Whatever comes before the line containing "Whisper Ultra Soft XL-Plus 30 Pads" stays out; transcribe that line and all that follow to the end of the records exactly, with no pictures.

= = =

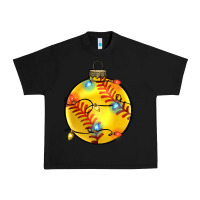 Black christmas softball Urban Heavy Tee - Zillion Design Studio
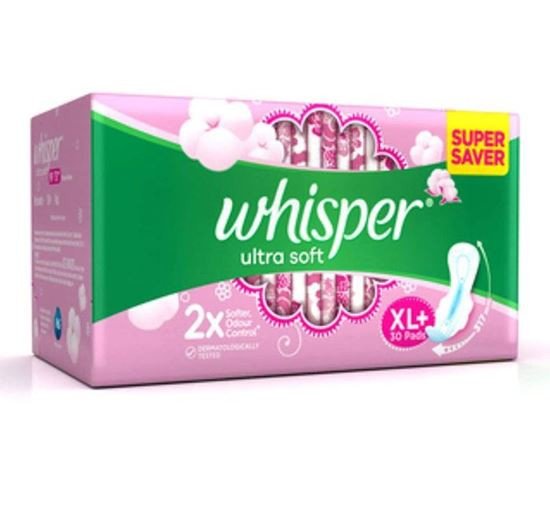 Whisper Ultra Soft XL-Plus 30 Pads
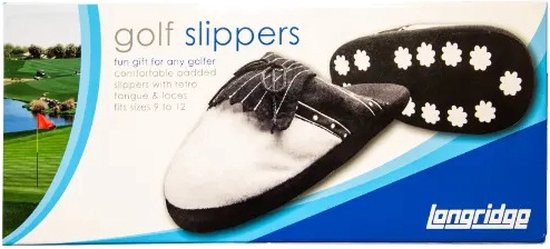 Golfpresentjes - Golfpantoffels - Golfgadget - EXTRA COMFORTABELE SLIPPERS - Hoogwaardig KWALITEIT- Cadeau - Grappig Golfcadeau - Fleece– Cadeau golfer - Golfkado-Golfgadget -golfcadeau man - golfcadeau vrouw- Golf accessoires -Gadget voor Golfer van Golfpresentjes — afbeelding 2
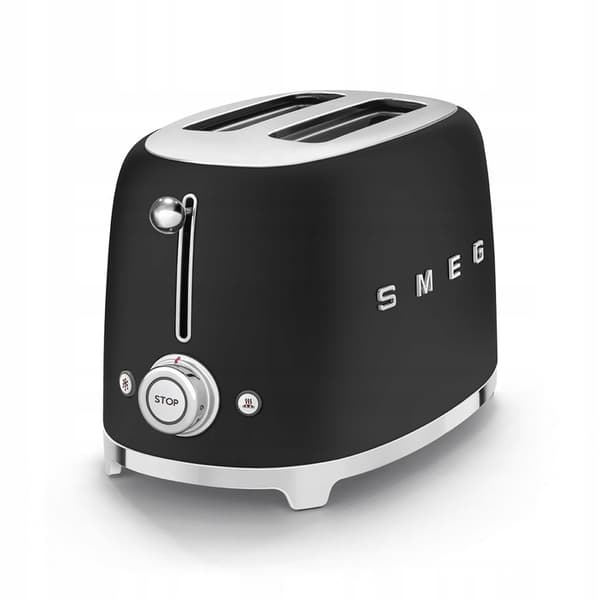 SMEG TSF01BLMEU 2-skive brødrister, sort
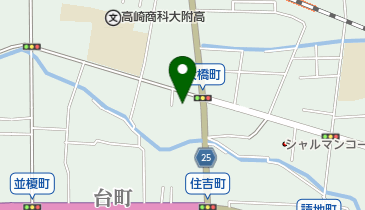 新極真会空手佐藤道場の地図画像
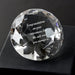 Engraved Crystal Diamond Paperweight
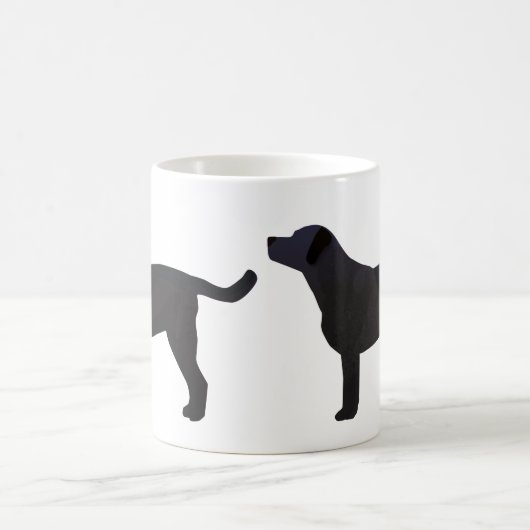 Black Labテンプレートの準備がカスタマイズ完了 コーヒーマグカップ (中央)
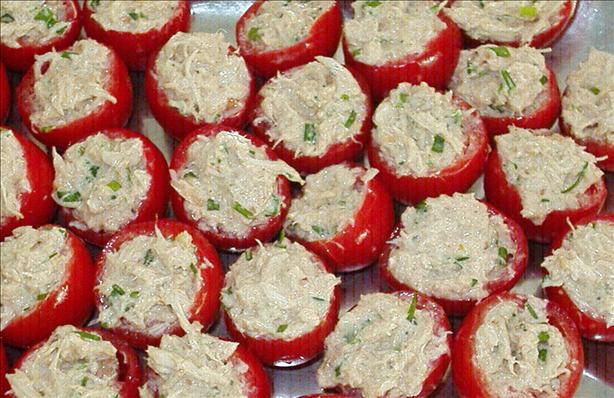 Crab Stuffed Cherry Tomatoes. Photo by Kim127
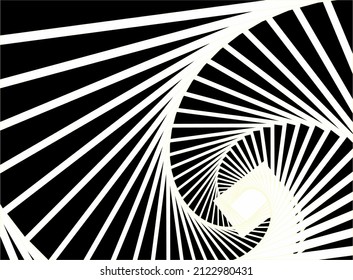 Tunnel or hole white square infinity background vector Stock Vector
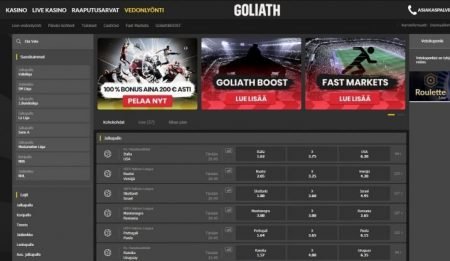 goliath casinon vedonlyönti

= = =

COMPLETED EXERCISE →
 Whisper Ultra Soft XL-Plus 30 Pads
 Golfpresentjes - Golfpantoffels - Golfgadget - EXTRA COMFORTABELE SLIPPERS - Hoogwaardig KWALITEIT- Cadeau - Grappig Golfcadeau - Fleece– Cadeau golfer - Golfkado-Golfgadget -golfcadeau man - golfcadeau vrouw- Golf accessoires -Gadget voor Golfer van Golfpresentjes — afbeelding 2
 SMEG TSF01BLMEU 2-skive brødrister, sort
 新極真会空手佐藤道場の地図画像
 Engraved Crystal Diamond Paperweight
 Black Labテンプレートの準備がカスタマイズ完了 コーヒーマグカップ (中央)
 Crab Stuffed Cherry Tomatoes. Photo by Kim127
 Tunnel or hole white square infinity background vector Stock Vector
 goliath casinon vedonlyönti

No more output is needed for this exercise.